Following Kline (2016), we treat absolute skewness and kurtosis values above 1.5 as a sign that an item’s responses are too bunched together to be useful. Items exceeding this threshold will be considered for removal or rewording alongside the other item reduction criteria. Additionally, we may consider keeping items with high skew or kurtosis for comparison or reporting purposes but flag them for removal from factor analysis.

dist_threshold <- 1.5

dist_data <- items_data %>%
  summarise(
    across(all_of(everything()), list(
        skew = ~ psych::skew(.x,    na.rm = TRUE),
        kurt = ~ psych::kurtosi(.x, na.rm = TRUE)
      ), .names = "{.col}_{.fn}")
  ) %>%
  pivot_longer(
    everything(),
    names_to  = c("item", ".value"),
    names_sep = "_(?=[^_]+$)"
  ) %>%
  separate(item, c("subscale", "q_n"), sep = "_", remove = FALSE)

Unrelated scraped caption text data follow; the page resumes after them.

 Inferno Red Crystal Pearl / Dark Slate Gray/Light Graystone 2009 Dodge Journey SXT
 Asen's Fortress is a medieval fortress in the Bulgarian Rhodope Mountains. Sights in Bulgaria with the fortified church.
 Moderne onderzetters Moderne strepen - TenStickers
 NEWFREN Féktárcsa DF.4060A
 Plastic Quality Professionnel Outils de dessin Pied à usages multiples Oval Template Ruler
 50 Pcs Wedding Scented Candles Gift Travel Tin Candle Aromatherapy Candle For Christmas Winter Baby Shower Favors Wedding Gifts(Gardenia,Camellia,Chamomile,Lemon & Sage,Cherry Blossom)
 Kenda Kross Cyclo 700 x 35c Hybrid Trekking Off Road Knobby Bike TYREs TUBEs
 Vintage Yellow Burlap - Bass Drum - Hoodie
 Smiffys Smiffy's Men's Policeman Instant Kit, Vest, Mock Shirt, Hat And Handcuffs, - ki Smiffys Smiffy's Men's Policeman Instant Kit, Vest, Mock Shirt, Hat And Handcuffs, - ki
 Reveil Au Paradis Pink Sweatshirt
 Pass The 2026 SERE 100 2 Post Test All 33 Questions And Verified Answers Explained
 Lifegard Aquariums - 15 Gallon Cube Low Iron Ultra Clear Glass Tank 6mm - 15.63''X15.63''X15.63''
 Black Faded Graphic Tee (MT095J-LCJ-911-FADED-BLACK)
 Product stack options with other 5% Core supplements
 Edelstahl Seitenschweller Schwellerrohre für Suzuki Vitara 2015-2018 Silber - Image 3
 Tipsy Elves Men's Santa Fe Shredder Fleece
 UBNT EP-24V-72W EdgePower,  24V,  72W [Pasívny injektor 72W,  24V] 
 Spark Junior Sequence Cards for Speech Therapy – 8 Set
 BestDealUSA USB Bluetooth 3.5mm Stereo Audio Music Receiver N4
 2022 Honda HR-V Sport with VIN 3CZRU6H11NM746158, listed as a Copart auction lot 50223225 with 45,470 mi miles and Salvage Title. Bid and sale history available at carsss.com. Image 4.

# adding another threshold at 1.25 from visual inspection
v_dist_threshold <- 1.25

ggplot(dist_data, aes(x = skew, y = kurt, colour = subscale, label = item)) +
  geom_point() +
  geom_hline(yintercept=c(-dist_threshold, dist_threshold)) +
  geom_vline(xintercept=c(-dist_threshold, dist_threshold)) +
  geom_hline(yintercept=c(-v_dist_threshold, v_dist_threshold),linetype="dashed",color='red') +
  geom_vline(xintercept=c(-v_dist_threshold, v_dist_threshold),linetype="dashed",color='red') +
  labs(x = "Skewness", y = "Kurtosis")

dist_items <- dist_data %>%
  filter(abs(skew) > v_dist_threshold | abs(kurt) > v_dist_threshold) %>% 
  select(item, skew, kurt)

if (nrow(dist_items) > 0) {
  dist_items  %>% knitr::kable(digits = 2)
}

item	skew	kurt
SAFE_01	0.15	-1.49
SAFE_02	0.30	-1.38
SAFE_03	0.19	-1.47
RISK_02	-1.48	1.83
RISK_04	-1.30	1.01
CRIT_04	-1.34	1.43
CRIT_05	-1.94	4.03
HUMN_01	-1.75	2.36
HUMN_02	-1.75	2.62
HUMN_04	-1.99	3.12
HUMN_05	-2.37	6.24

Visual Inspection

Beyond flagging items with high skew, we can also visually inspect the distribution of each item, looking for items where people consistently avoid using certain points in the scale such as items with responses clustered at the top and end of the scale (Bimodal distribution) or items where some scale points are consistently not used. These items might need to be reworded or removed depending on their distributional shape.

long_data <- items_data %>%
  pivot_longer(everything(), names_to = "item", values_to = "response") %>%
  mutate(factor = sub("_.*", "", item))

y_max <- long_data %>% 
  count(item, response) %>% 
  group_by(item) %>% 
  mutate(prop = n / sum(n)) %>% 
  pull(prop) %>% 
  max()

for (f in unique(long_data$factor)) {
  p <- long_data %>%
    filter(factor == f) %>%
    ggplot(aes(x = factor(response), y = after_stat(prop), group = 1)) +
    geom_bar(fill = "#D85A30") +
    scale_x_discrete(limits = as.character(1:7)) +
    scale_y_continuous(labels = scales::percent_format(accuracy = 1)) +
    coord_cartesian(ylim = c(0, y_max)) +
    facet_wrap(~ item, nrow = 1) +
    labs(x = "", y = "") +
    theme_minimal(base_size = 16)
  
  print(p)
}

Survey Duration

Displaying survey duration for pilot test responses in order to decided how much to grant for future data collection.

ggplot(d$raw_data, aes(x = `Duration (in seconds)`)) +
  geom_histogram(bins = 50) +
  xlim(NA, quantile(d$raw_data$`Duration (in seconds)`, 0.95, na.rm = TRUE)) +
  geom_vline(xintercept = 600)

References

Kline, Rex B. 2016. Principles and Practice of Structural Equation Modeling, 4th Ed. Principles and Practice of Structural Equation Modeling, 4th Ed. New York, NY, US: The Guilford Press.